La divisa non ha fascino in Germania. Le ragioni storiche non serve ricordarle, e i militari non le indossano quasi mai in libera uscita. Non sono un esperto, mi arruolarono in artiglieria, non so perché, e, per fortuna loro e mia, mi congedarono dopo dieci giorni. Non so riconoscere il grado, ma ai ricevimenti alla nostra ambasciata, gli ufficiali tedeschi ospiti sono sempre i meno eleganti.
Frau Ursula avrebbe bisogno almeno di 10 mila reclute all’anno, ma le racimola con molta fatica. «Noi andiamo avanti, non siamo mai fermi», promette un altro manifesto.
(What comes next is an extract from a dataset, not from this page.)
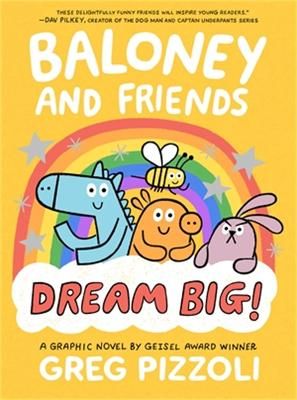 Picture of Baloney and Friends: Dream Big!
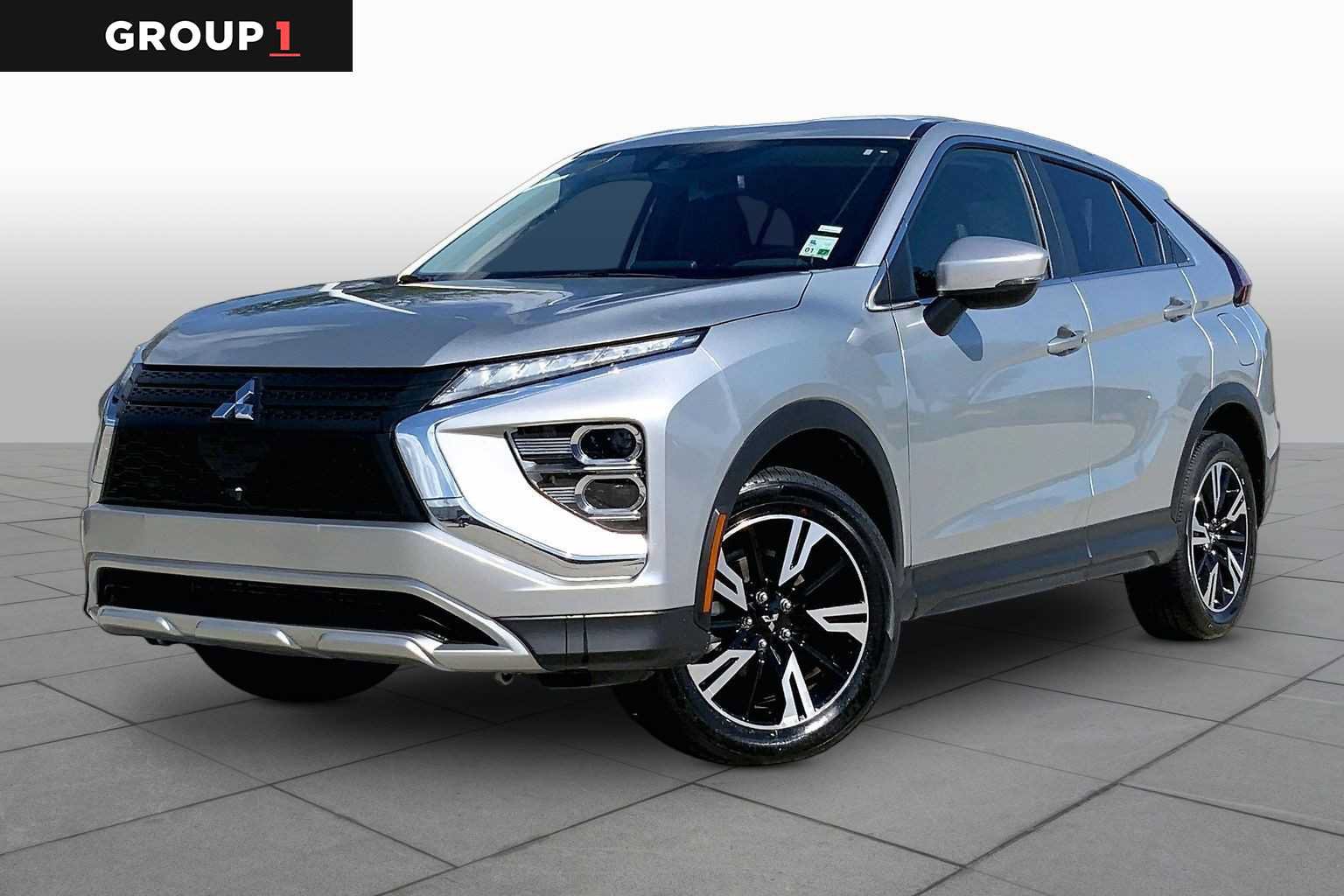 Used 2025 Mitsubishi Eclipse Cross SE AWD/4WD image 1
Niente malignità, non s’intende sul campo di battaglia, ma nella vita.
Se ti arruoli potrai far carriera in 4 mila diverse professioni e attività, dal pilota di linea allo specialista online, al palombaro. In un video si fa vedere una pilota che ai comandi di un Eurofighter sfreccia a 2500 chilometri all’ora. Quindi, nonostante i pregiudizi dei generali, pronta a sfidare un caccia nemico.
La paga non è male. Una recluta per i primi tre mesi riceve 777 euro, fino a sei mesi 800, per arrivare a 1.100 dopo un anno e mezzo, vitto e alloggio incluso s’intende. E si guadagna di più se ci si arruola per lungo tempo: un cadetto già al primo mese riceve 1.600 euro netti, un tenente dopo sei anni di servizio, sposato con un figlio, arriva a 3 mila.
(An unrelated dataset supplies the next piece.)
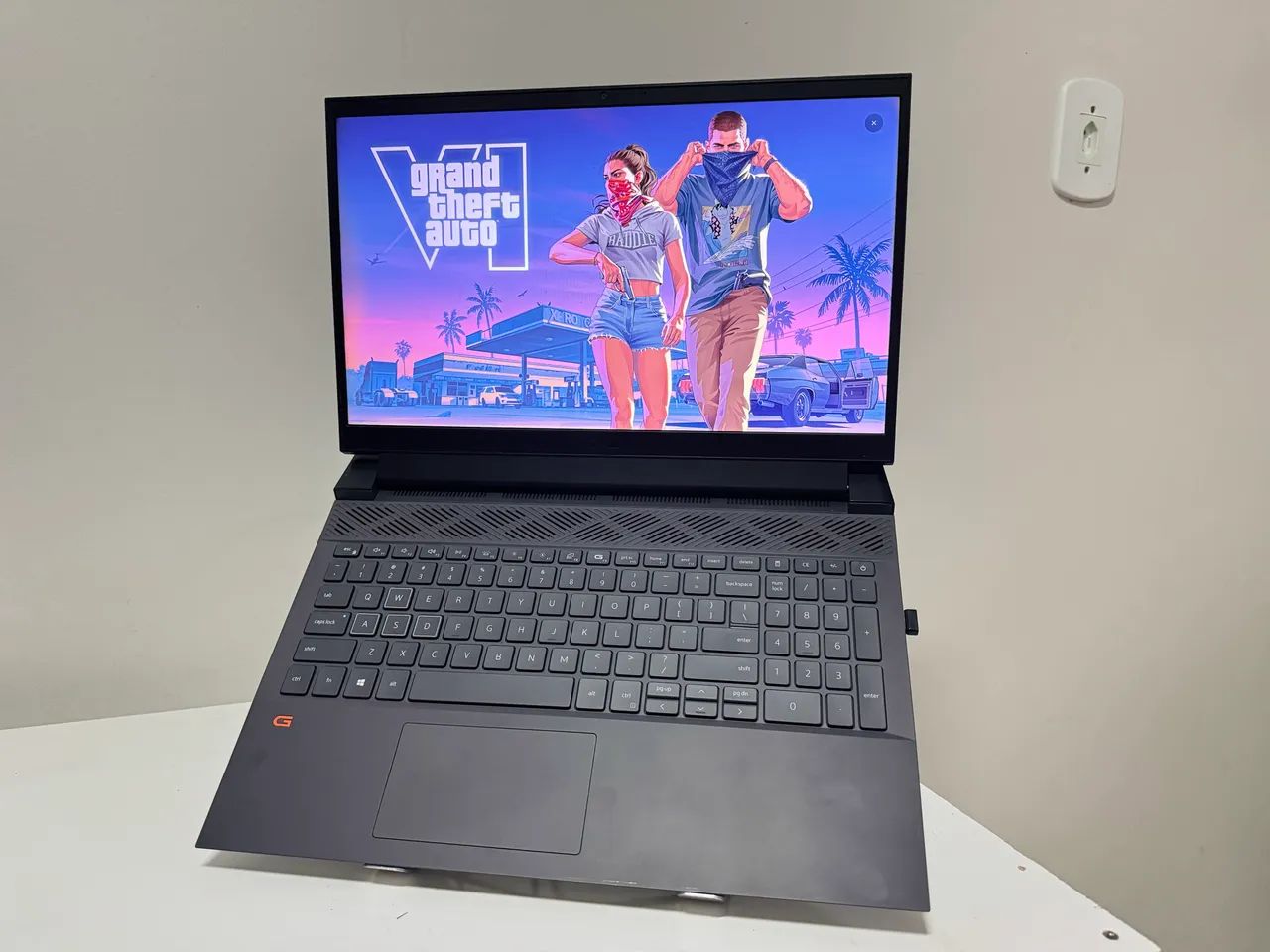 Notebook Gamer Dell G15 RTX 3050 1TB Em Ate 12x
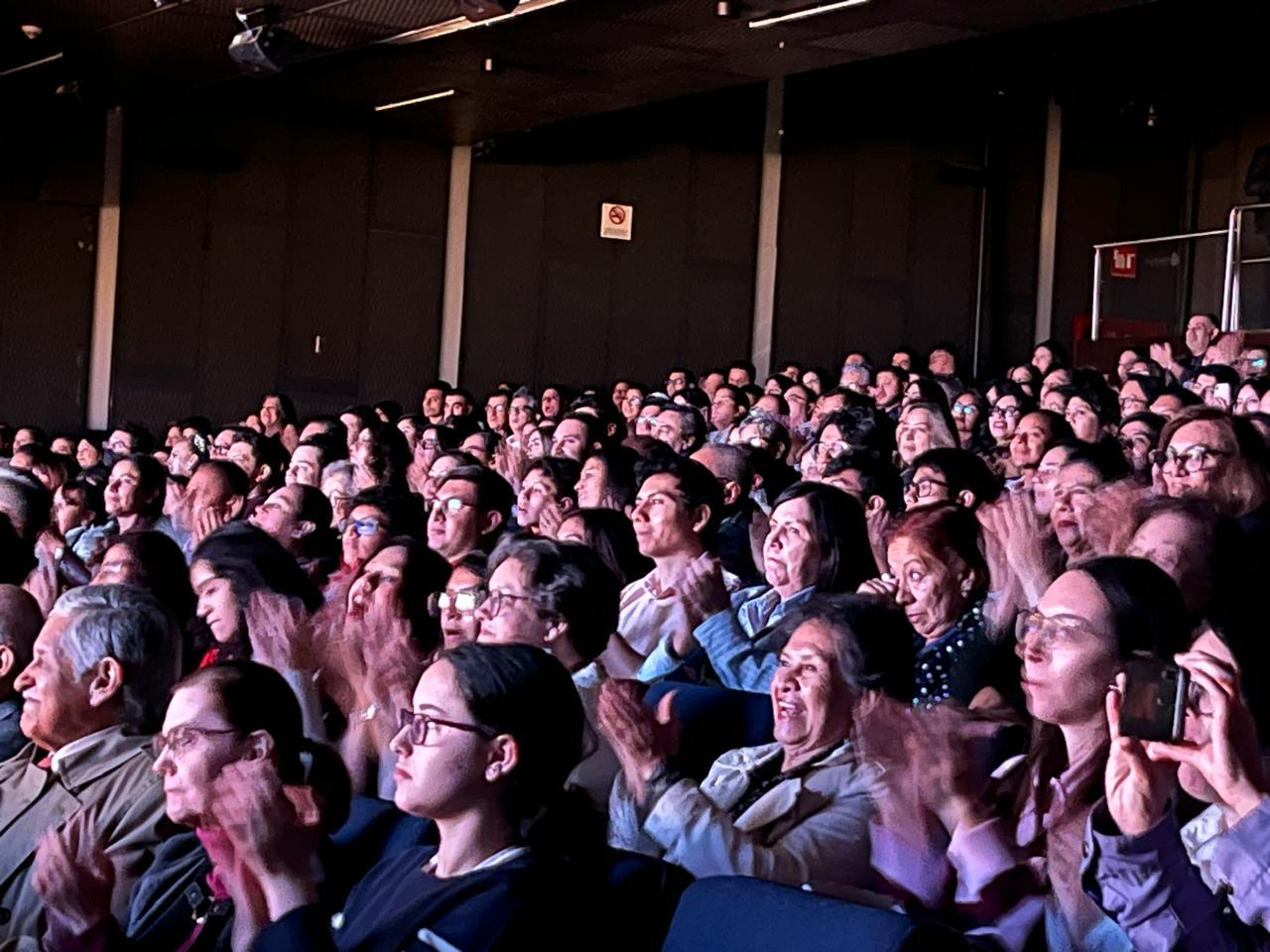 Función privada El Rey León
E un militare tedesco gode di un privilegio sconosciuto negli altri eserciti: può disobbedire a un ordine che ritenga ingiusto. È il principio della «Innere Führung», la guida interna tradotta letteralmente, voluta dal generale e conte Wolf von Baudissin, dopo i disastri del terzo Reich. «Ein Befehl ist ein Befehl», un ordine è un ordine, è un modo di dire che ha condotto a Auschwitz. Il principe ha sempre ragione, diceva Lutero. Nell’esercito di Ursula un semplice soldato può sempre chiedere al generale che ordina l’attacco «warum?», perché. Ma ai giovani nati dopo la caduta del muro non basta.